But, life goes on. I lost an uncle in August, someone very important to me growing up, my mother’s only sibling. Later that month we took our twin daughters to college for the first time. It all has made me think of my grandfather, who taught me many lessons, but especially this one about prayer.
He used to love to tell me the story of the day he became a Christian. As a farmer in the mountains of northwestern North Carolina, he knew hardship. He knew the burden of heavy labor. “So when that preacher started a revival meeting at the far end of the holler back in 1923, and he started to talk about Jesus, how his burden was light, and his yoke was easy, I knew I had found my Savior.” He had found his Savior. A deacon of the Southern Baptist church in Rutherwood, North Carolina for four decades, he never preached a sermon. But without knowing it, he taught me the power of prayer.
He died on the Sunday after Thanksgiving in 1983. I had almost completed my first semester in seminary. My grandmother asked me to speak at his funeral, something I had never done. I wanted to say no. I didn’t know what I could possibly say. I felt utterly without words to express what was inside me. Yet, my grandmother was insistent. So that afternoon at the funeral, I climbed the pulpit of Rutherwood Baptist Church to speak words I could not find.
As I stood there, advice that my grandfather often gave me flooded my heart. He told me that any time I faced a difficult decision or a hard place in my life, I should soak it in prayer. It always seemed like a funny image to me, to “soak” something in prayer. But I knew at that moment that is what I had to do—that is what I needed to say.
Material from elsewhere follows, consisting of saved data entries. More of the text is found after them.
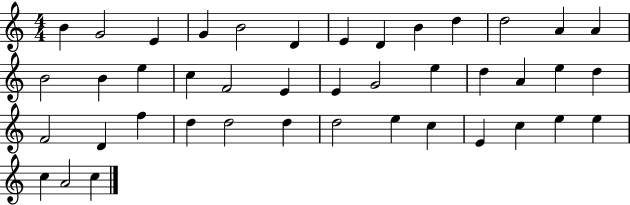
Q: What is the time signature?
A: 4/4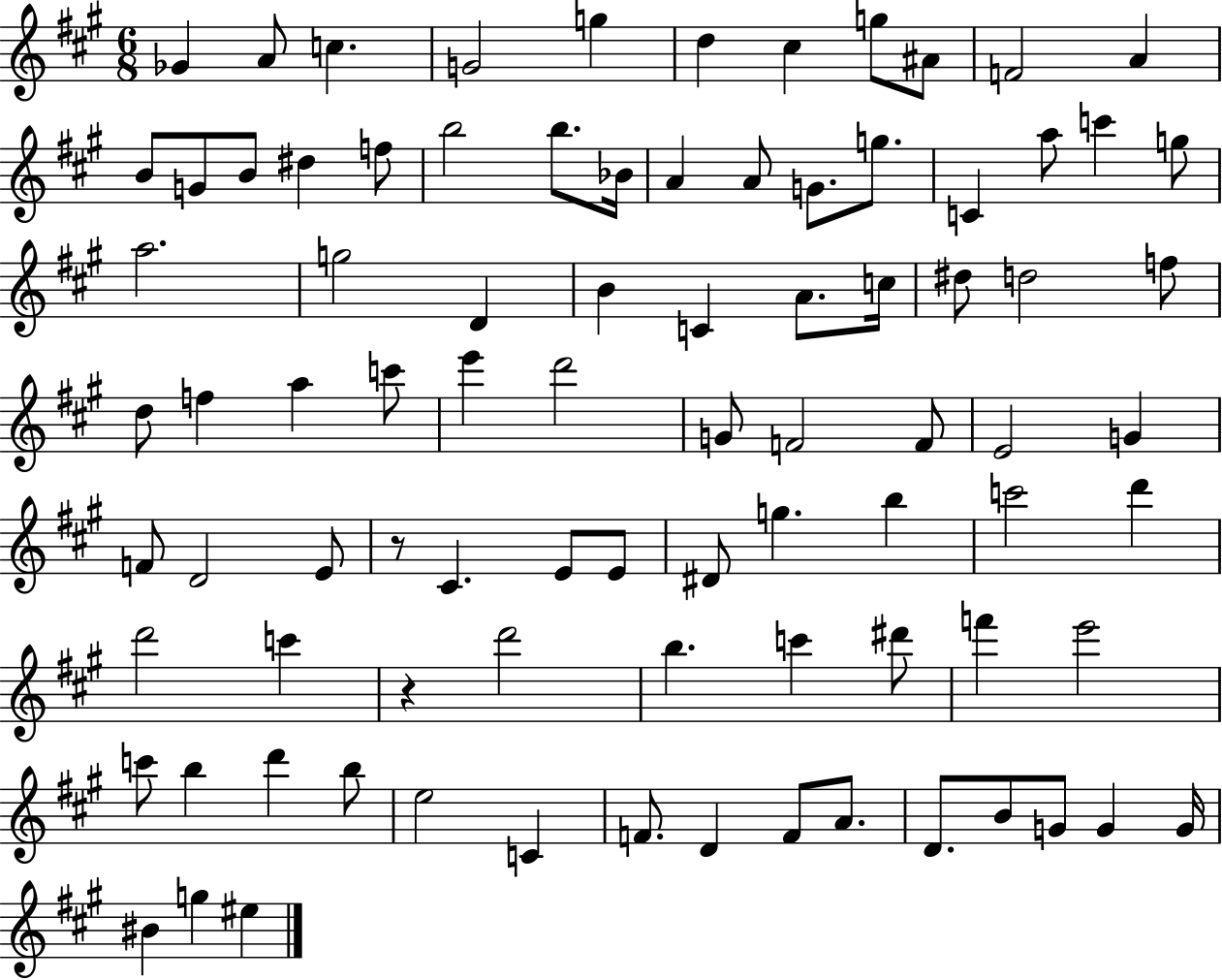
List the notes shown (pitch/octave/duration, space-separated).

Gb4/q A4/e C5/q. G4/h G5/q D5/q C#5/q G5/e A#4/e F4/h A4/q B4/e G4/e B4/e D#5/q F5/e B5/h B5/e. Bb4/s A4/q A4/e G4/e. G5/e. C4/q A5/e C6/q G5/e A5/h. G5/h D4/q B4/q C4/q A4/e. C5/s D#5/e D5/h F5/e D5/e F5/q A5/q C6/e E6/q D6/h G4/e F4/h F4/e E4/h G4/q F4/e D4/h E4/e R/e C#4/q. E4/e E4/e D#4/e G5/q. B5/q C6/h D6/q D6/h C6/q R/q D6/h B5/q. C6/q D#6/e F6/q E6/h C6/e B5/q D6/q B5/e E5/h C4/q F4/e. D4/q F4/e A4/e. D4/e. B4/e G4/e G4/q G4/s BIS4/q G5/q EIS5/q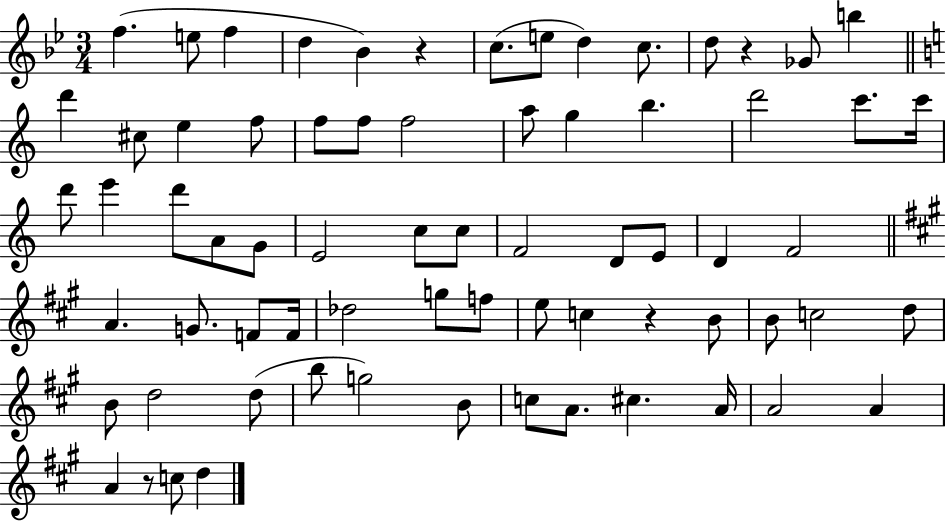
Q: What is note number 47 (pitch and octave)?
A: C5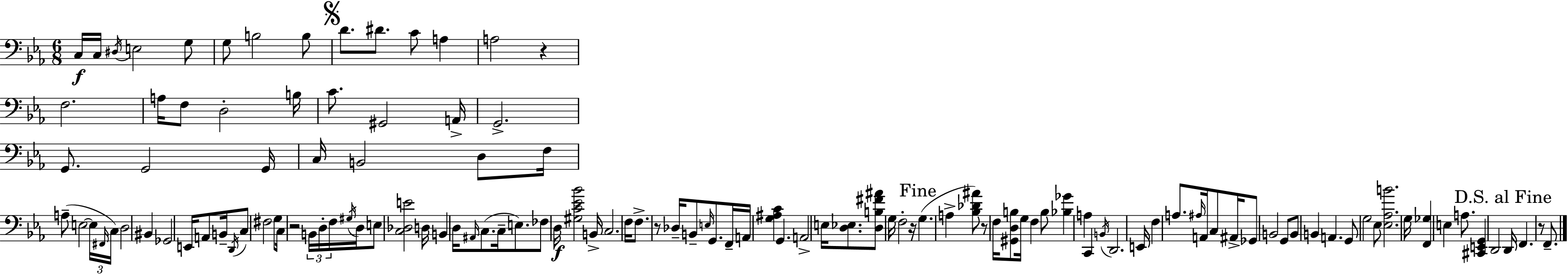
X:1
T:Untitled
M:6/8
L:1/4
K:Eb
C,/4 C,/4 ^D,/4 E,2 G,/2 G,/2 B,2 B,/2 D/2 ^D/2 C/2 A, A,2 z F,2 A,/4 F,/2 D,2 B,/4 C/2 ^G,,2 A,,/4 G,,2 G,,/2 G,,2 G,,/4 C,/4 B,,2 D,/2 F,/4 A,/2 E,2 E,/4 ^F,,/4 C,/4 D,2 ^B,, _G,,2 E,,/4 A,,/2 B,,/4 D,,/4 C,/2 ^F,2 G,/2 C,/4 z2 B,,/4 D,/4 F,/4 ^G,/4 D,/4 E,/2 [C,_D,E]2 D,/4 B,, D,/4 ^A,,/4 C,/2 C,/4 E,/2 _F,/2 D,/4 [^G,C_E_B]2 B,,/4 C,2 F,/4 F,/2 z/2 _D,/4 B,,/2 E,/4 G,,/2 F,,/4 A,,/4 [G,^A,C] G,, A,,2 E,/4 [D,_E,]/2 [D,B,^F^A]/2 G,/4 F,2 z/4 G, A, [_B,_D^A]/2 z/2 F,/4 [^G,,D,B,]/2 G,/4 F, B,/2 [_B,_G] A, C,, B,,/4 D,,2 E,,/4 F, A,/2 ^A,/4 A,,/4 C,/2 ^A,,/4 _G,,/2 B,,2 G,,/2 B,,/2 B,, A,, G,,/2 G,2 _E,/2 [_E,_A,B]2 G,/4 [F,,_G,] E, A,/2 [^C,,E,,G,,] D,,2 D,,/4 F,, z/2 F,,/2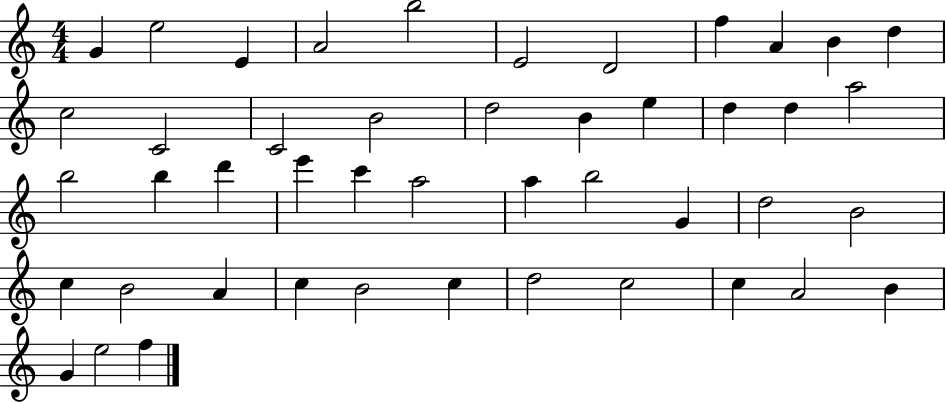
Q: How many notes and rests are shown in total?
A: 46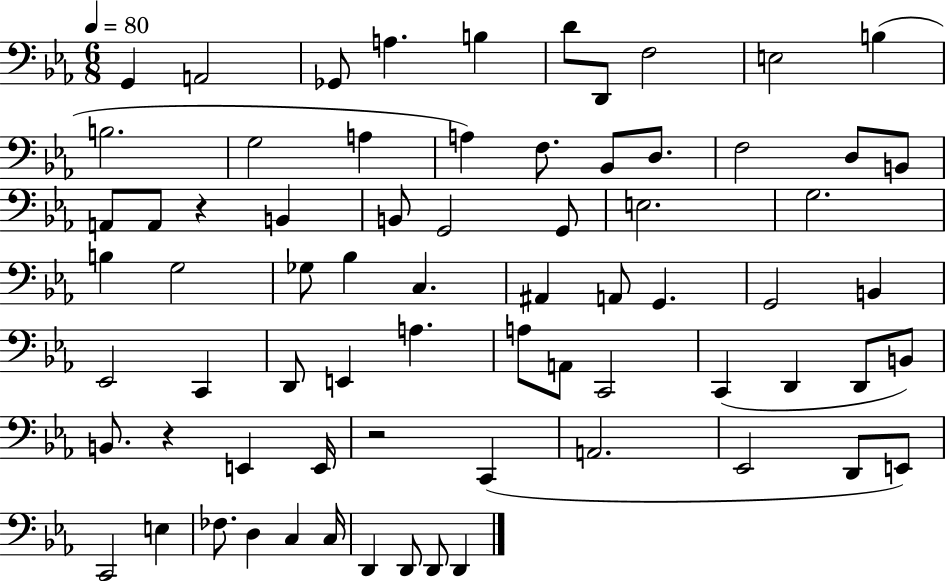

So I spoke of my grandfather’s advice, and suggested that those of us gathered there to mourn our painful loss could soak our hurt in prayer.
Soaking doesn’t immediately fix something; it requires stillness and waiting—listening. I listened that afternoon for my grandfather. And God heard me listening. That is prayer. Thank you, Grandpa Brown, for teaching me that lesson. I’ll be soaking the world in prayer.